Katherine Rivas se muestra «desesperada»: dos días después de que la tierra temblará en todo el noroeste de Ecuador y de que se hayan producido más de dos centenares de réplicas, aún no ha podido hablar con su padre. Él reside en la región de Manabi, al sur de Esmeralda, otra de las zonas que sacudió el terremoto con especial vehemencia. «Me dicen que está bien, pero hasta que contacte directamente con él, no me quedaré tranquila. Todaslas líneas están saturadas, con el Consulado es imposible hablar, es muy frustrante», relata esta joven estudiante de Turismo en la Escuela Universitaria Altamira.

Nacida en la localidad ecuatoriana de Santo Domingo hace casi 24 años, Katherine Rivas reside desde los 14 en Santander junto a su madre y sus cuatro hermanos. «Mi tío se salvó de milagro, su casa se derrumbó nada más salir de ella», cuenta con un nudo en la garganta. Desde que se levantaron el domingo, ella y su familia se quedaron «impresionados» con la dimensión de la tragedia, que se multiplicó cada minuto que pasaba al conocer que la zona en la que habían vivido era de las más arrasadas. «Mi madre no para de llorar y a mí no me salen las palabras», expresa compungida.

En Pedernales, pueblo costero de Manabi que ha quedado completamente destrozado por el seísmo, tenía intención de abrir el próximo año un establecimiento hotelero, un pequeño negocio de turismo rural, una vez terminase sus estudios. Una esperanza que también se ha llevado por delante el terremoto. «Allí los hoteles, escuelas y viviendas se han venido abajo; las carreteras están abiertas, partidas por la mitad... Es un horror», cuenta Rivas, que está segura de que «va a haber muchos más muertos» que las cifras que transmiten ahora las autoridades.

Jesús Pinos tiene el corazón en un puño.
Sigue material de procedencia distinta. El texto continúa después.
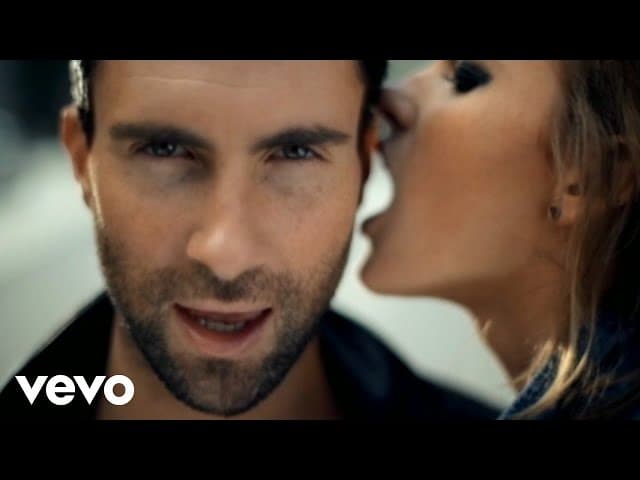 Misery - Maroon 5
Lleva desde el domingo intentando comunicarse con su padre, sus hermanos y sus amigos de la escuela, todos ellos de Guayaquil, con la esperanza de saber que se encuentran bien. Por fortuna, el paso de las horas ha ido dejando mensajes tranquilizadores en cuanto a sus allegados, pero no en cuanto a la dimensión de una desgracia «enorme, muy grande, incalculable». Este estudiante de Derecho en la Universidad de Cantabria, que lleva once de sus 24 años en nuestra región, junto a su madre y la otra parte de su familia, lamenta que la desgracia se haya cebado en un país en vías de desarrollo como el suyo. «Lo poco que tenían mis compatriotas lo han perdido todo: se han quedado sin ropa, sin comida, sin casa...», advierte. Por ello, tiene previsto iniciar una campaña de recogida de ropa a través de la universidad que intentará luego enviar a su país por medio de la embajada. Es su manera de aportar su granito de arena.

Pinos lamenta también la escasa repercusión internacional de la tragedia de Ecuador en comparación con otros sucesos recientes. «¿Por qué todos fuimos de París o de Bruselas tras los atentados y ahora no somos de Ecuador? Echo en falta un sentimiento de dolor colectivo de la sociedad y una mayor difusión de los medios de comunicación. Es frustrante ver el escaso apoyo que tenemos cuando estamos hablando de 350 muertos, que serán muchos más...».